King Kong

Director Carl Denham sails to Skull Island with a film crew to make film featuring native tribes and their ancestral rituals. But his female star is kidnapped by a giant creature. The film crew sets off in pursuit through the hostile jungle...

A classic of the genre, made during the blessed pre-code period of American cinema , that allowed all possible audacities, this film spawned many remakes and sequels (Son of Kong) - like the one by Peter Jackson (The Lord of the Rings), who is an absolute fan of the original - or the recent Kong : Skull Island. The ultimate monster movie and a cornerstone of adventure cinema.

Winshluss

NO GOD NO MASTER...

JUST GOD KONG!

I must have been 12 when I discovered the 1933 version of King Kong... At the time I was in the habit of creeping out of bed to watch the late night movie.
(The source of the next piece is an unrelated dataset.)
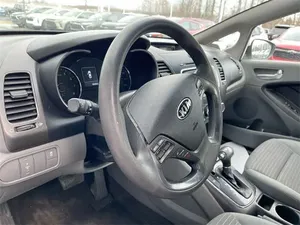 Kia Forte LX certifiée 2017 - Product Image 3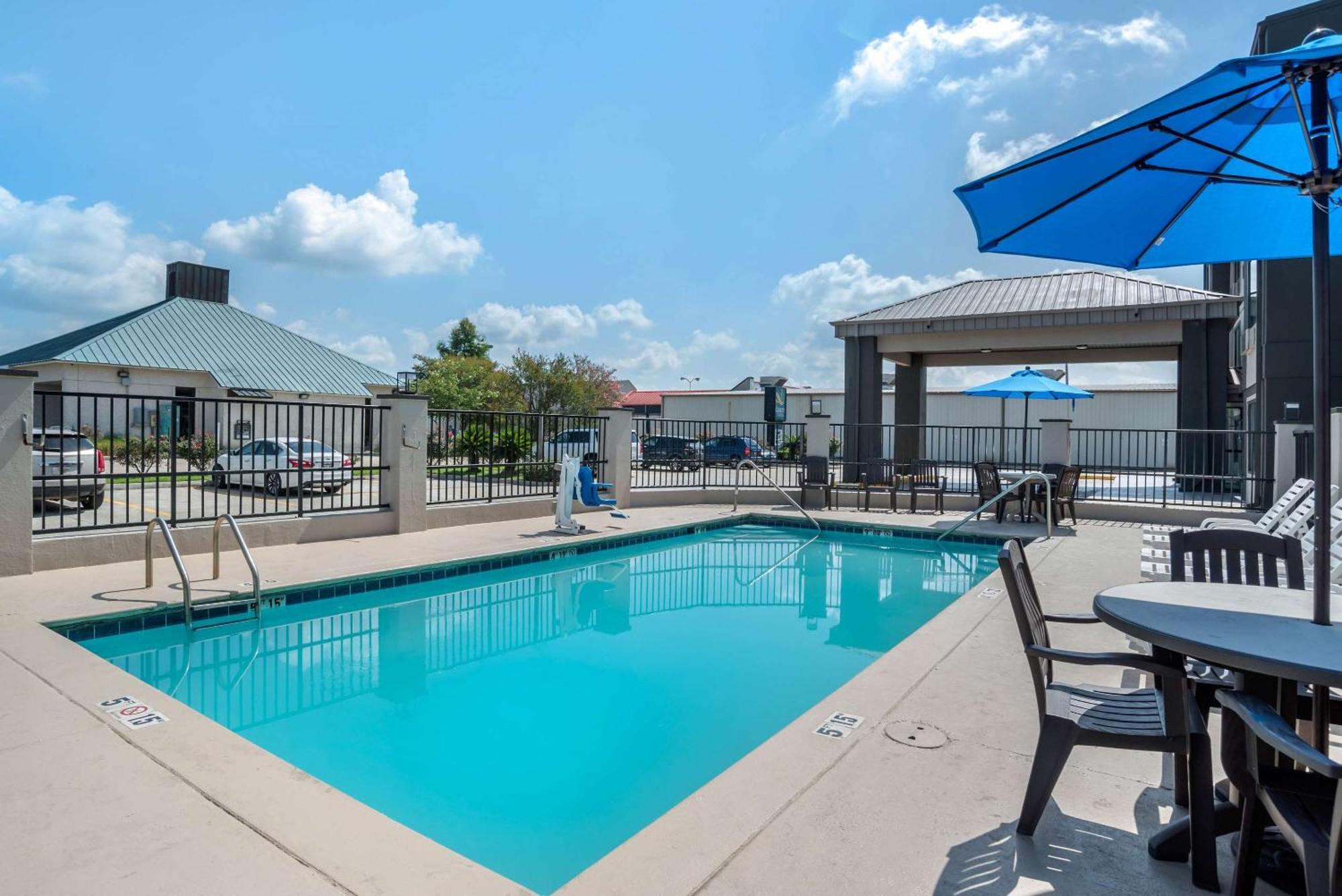 Quality Suites Baton Rouge East - Denham Springs Eksteriør bilde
My parents were sleeping in the next room so I kept the volume really low... Every Sunday night I'd gobble up the classics of the 7th Art with the same kind of guilty pleasure you get from watching porn.

I lived in a little provincial town.

This soulless place's only purpose was to make you evil or depressive. I already felt in my mouth the metallic taste of boredom and defeat...What a shitty world!

Then suddenly drums are beating, trees come crashing down with sinister cracks, the beautiful half naked blonde screams in terror.. The ground shakes...The King himself leaps into my parents' living room... And I can tell you the hairy mofo was a real badass ! 

King Kong is first of all a surprising narrative structure. The movie starts as a social drama then switches to an adventure story to finally end as a zoophile melodrama...

Beauty, poetry, violence, rhythm. Everything is there, (a bit like The Night of the Hunter, in a different register). Anyway, on that Sunday night, a long time ago, the Kong seed was sown into my not quite finished brain...

As I went to bed, I knew the giant ape was now by my side. Together we would destroy these fucking buildings that brought me down...

And travel far away.

King Kong. 1933. Black and white. 100mn. Original version with French subtitles. USA. Adventure, Fantasy.
Direction: Merian C. Cooper, Ernest B. Schoedsack. Production: Merian C. Cooper, Ernest B. Schoedsack. Screenplay: James A. Creelman, Ruth Rose. Editing: Ted Cheesman. Photography: Eddie Linden, Vernon Walker, J.O. Taylor. Music by: Max Steiner. With: Fay Wray, Robert Armstrong, Bruce Cabot.